# Regarding the Names of Complex Hybrids Paphs



## Happypaphy7 (Nov 17, 2015)

By that, I mean Bulldogs.
So, now I'm more interested to know the origin of the names.
Who bred the hybrids "Enzan", "Hamana", and what is the meaning of the names?

I believe these are Japanese in origin??
I know Hamana is from the lake in Japan.

Also, even better, are there books where these are dealt with?

Thanks, in advance!


----------



## slippertalker (Nov 19, 2015)

You can find the originators of the cross in the RHS website. Other sources that have searchable databases are Orchid Plus(AOS) and Orchidwiz.


----------



## PaphMadMan (Nov 19, 2015)

Often those names that are repeated over and over in so many registrations are sort of a trademark of a single nursery or breeder, a way they identify their plants as theirs. The reason they choose it is their own - geography, history, fantasy, whatever, and may be obvious or may never be explained - but the purpose is all about business, branding.
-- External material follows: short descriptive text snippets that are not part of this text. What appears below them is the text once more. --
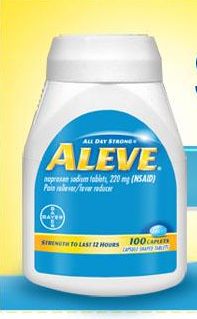 Aleve: Printable Coupon- Save $2 on any 80 Count or Larger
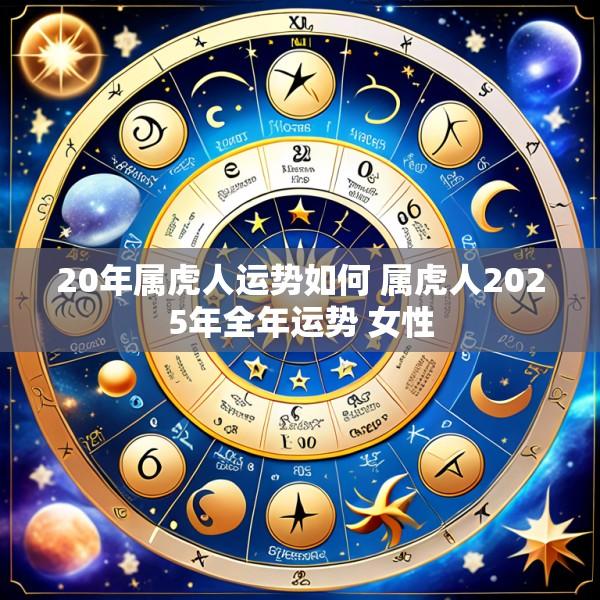 20年属虎人运势如何 属虎人2025年全年运势 女性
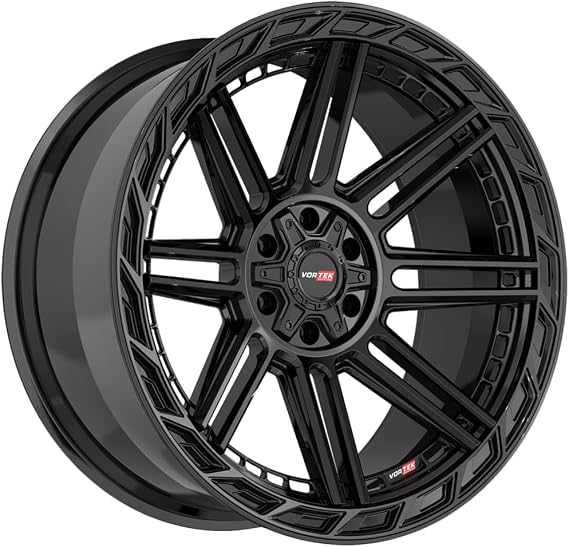 Vortek VRP-501 20x9 6x135 6x139.7 0 Cb 106.1 Gloss Black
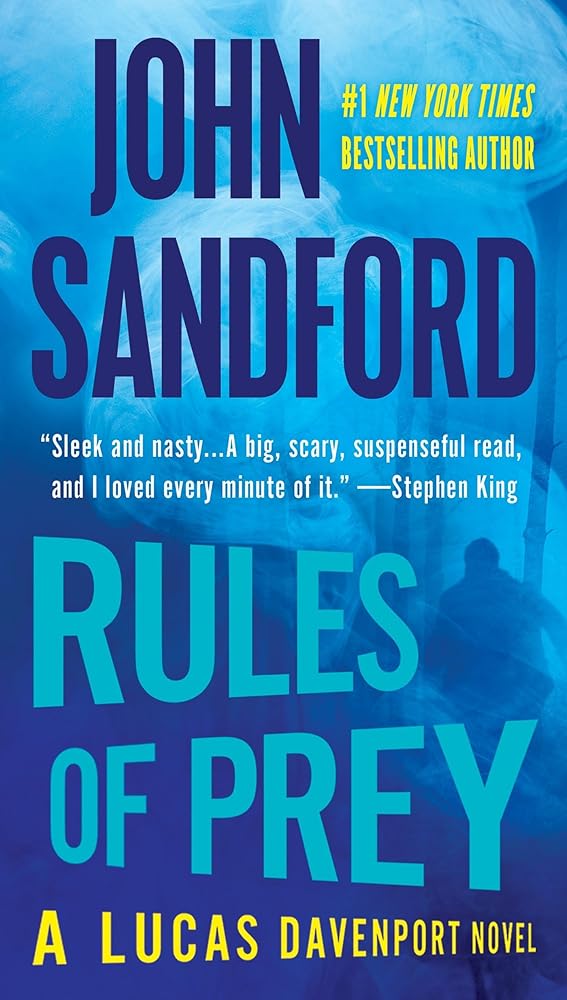 Rules of Prey (Lucas Davenport, No. 1) cover image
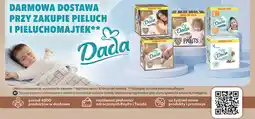 Biedronka Pieluchy i pieluchomajtki Dada z darmową dostawą oferta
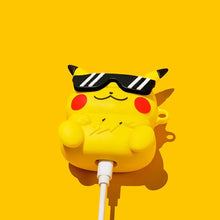 Load image into Gallery viewer, Pokemon Pikachu Sunglass Apple Wireless Earphone
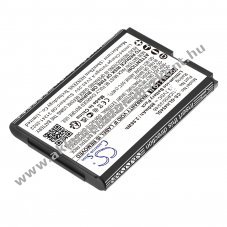 Helyettes�t� m�r�m�szer Akkumul�tor GEOSPACE GSB-LHR 3.7V 800mAh Li-Ion 2.96Wh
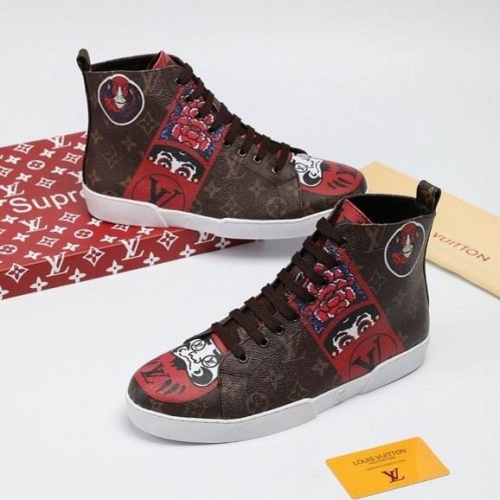 LV High Top Men 018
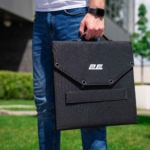 Портативная солнечная панель 2E, DC 100 Вт, USB-С 45 Вт, USB-A 18 Вт, USB-A 12 Вт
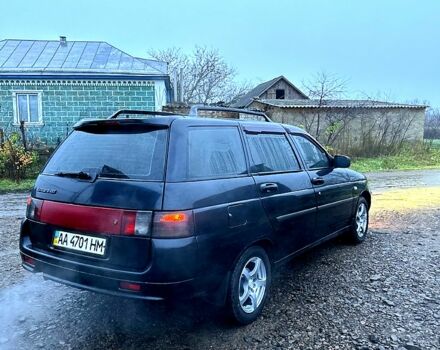 Чорний ВАЗ 2111, об'ємом двигуна 1.6 л та пробігом 195 тис. км за 2300 $, фото 2 на Automoto.ua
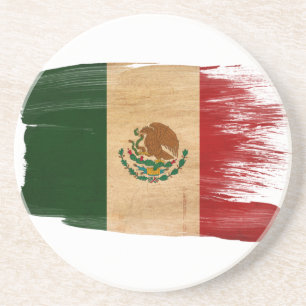 Posavasos Prácticos de costa de la bandera de México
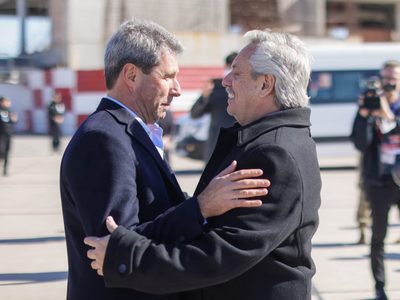 Alberto Fernández, en San Juan: “Buscamos darles mejor vida a los argentinos”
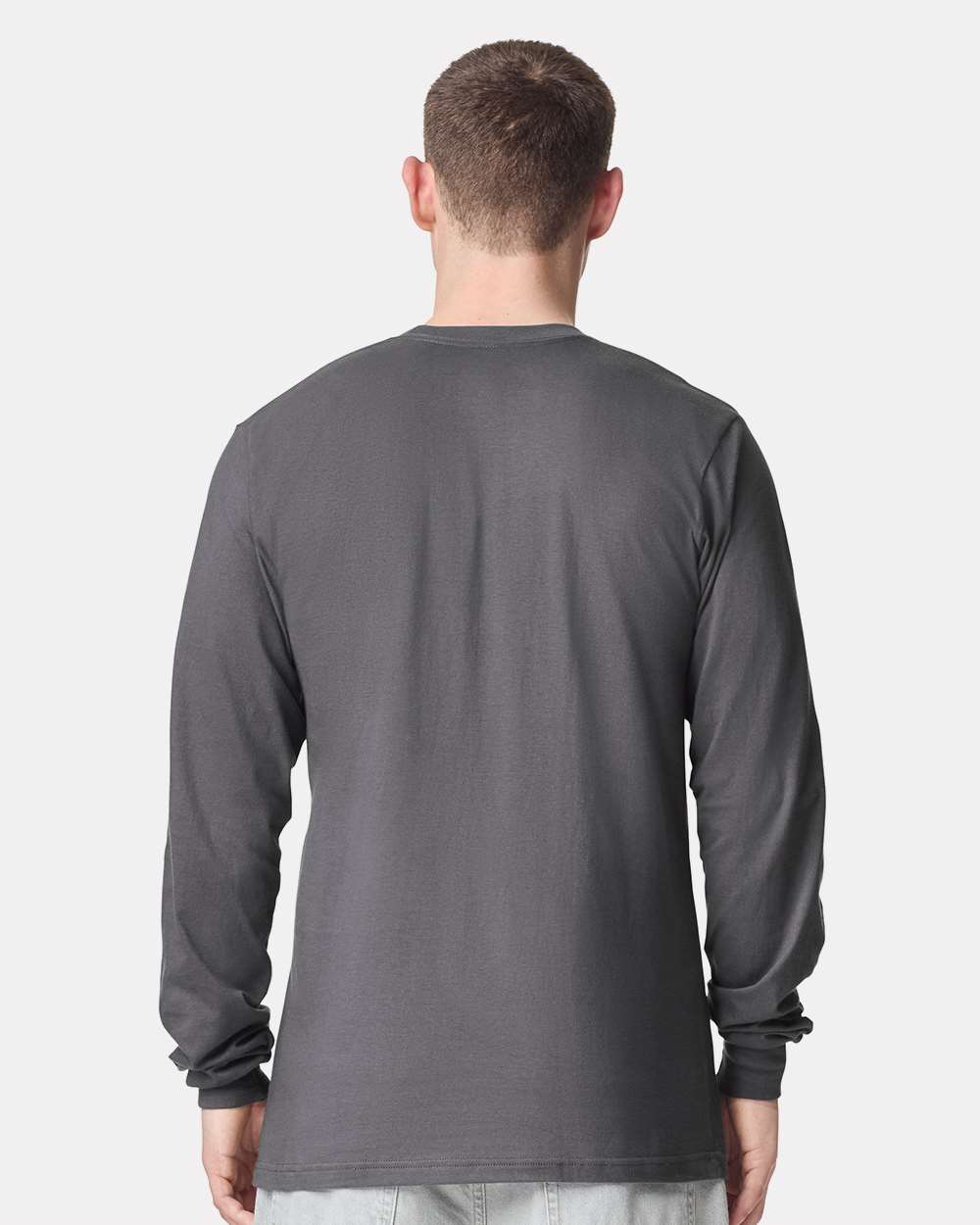 Unisex Fine Jersey Long Sleeve Tee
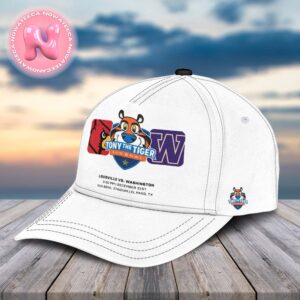 Sun Bowl Louisville Cardinals Vs Washington Huskies Matchup At Sun Bowl Stadium In El Paso TX On December 31st 2024 NCAA Classic Cap Hat Snapback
For instance, from 1985 through 2005 the vast majority of hybrid registrations that include the word Hamana came from a single nursery and about 90% of their registrations use it - Saeki Nursery in Japan. And Enzan hybrids come mostly from Mukoyama Orchids Ltd, also Japan.

Another reason for many crosses sharing part of name is because they all descend from one influential hybrid. Paph Friedrich von Hayak has 16 registered progeny and 14 of them include Fred in the name. If you get hundreds of crosses that share part of a name, like Enzan or Hamana, then you can start to get more that descend from any of them.


----------



## Happypaphy7 (Nov 20, 2015)

Thank you very much, Kirk!


----------